Despite its box office success, Bond underwent a hard reboot in the wake of Die Another Day, but it's unfair to lay blame solely at Tamahori's feet. In 1999 MGM acquired the rights to adapt Casino Royale, Ian Fleming’s first Bond book, after years of legal wrangling.
Fresh from leading the highest-grossing Bond film ever, an emboldened Pierce Brosnan (or his agent at least) pushed for more money to make a fifth Bond film, yet found himself jettisoned by the producers in favour of a fresh start.
In an interview with Playboy in 2005, not long after learning the news, Brosnan said: "It's bloody frustrating that the f***ers pulled out the rug when they did... It's cold, it's juvenile, and it shouldn't be done like that, not after 10 years and four films."

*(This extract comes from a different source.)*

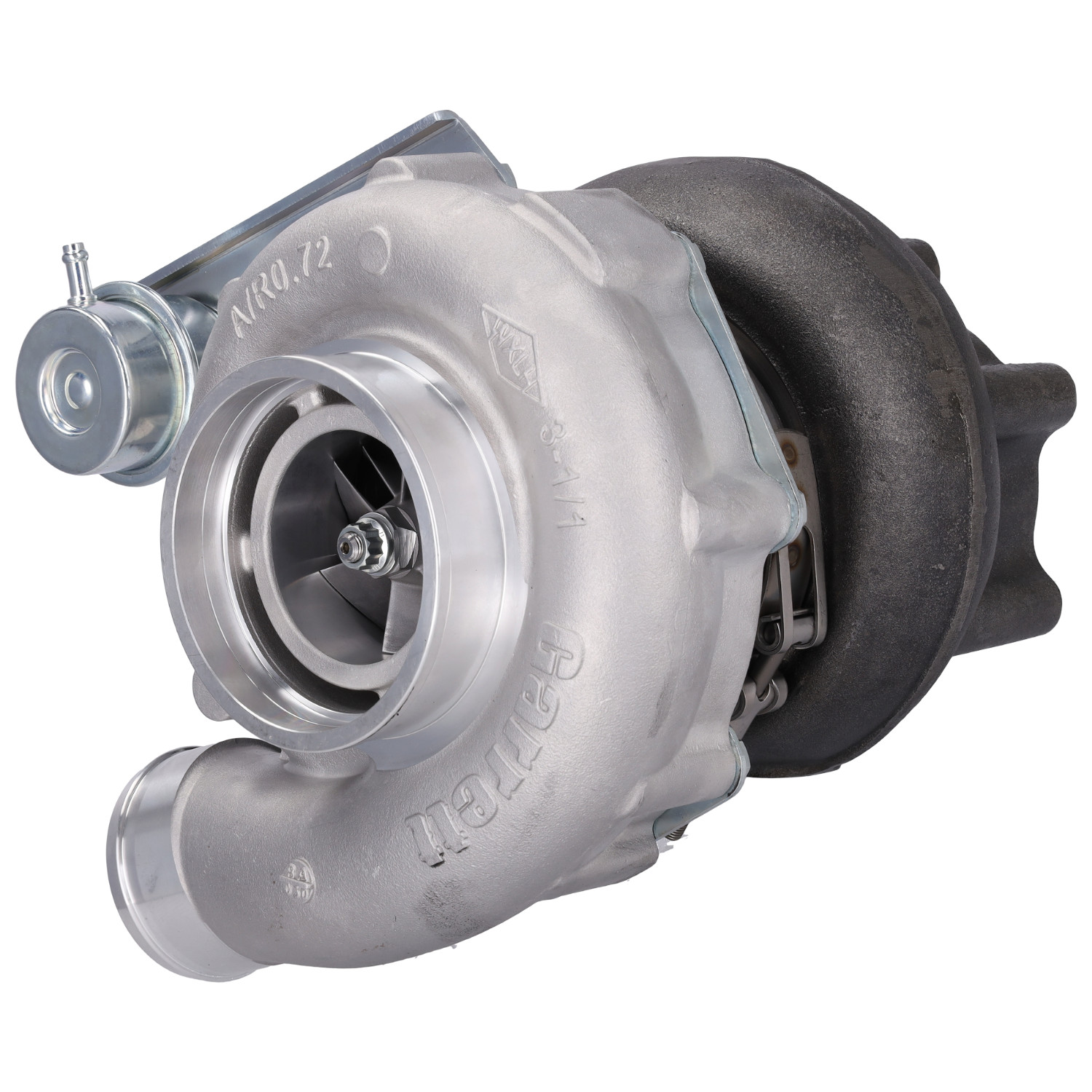 FEBI BILSTEIN 188013 for MERCEDES-BENZ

Daniel Craig was teamed up with GoldenEye's Martin Campbell to deliver the first true post-Bourne Bond movie which was released to huge critical acclaim in 2006, ushering a whole new era for 007 just four years after Die Another Day.
Looking back though, Tamahori is sanguine about his time on the series, despite the film being absent from a recent 60 Years of Bond retrospective celebration at the BFI.
“I was very happy with [Die Another Day],” says Tamahori.
“I wanted to make that type of film: a big, huge globetrotting adventure. I knew why it would not become super-popular with fans, because there are a lot of things in there that people just see as being larger than life, and maybe a little over the top.
"But I was having such a good time, and it was a great thing to live through. I couldn’t stop myself.”
Die Another Day received its world premiere on 18 November, 2002 and was released in cinemas two days later. It’s currently streaming on Prime Video for a limited time.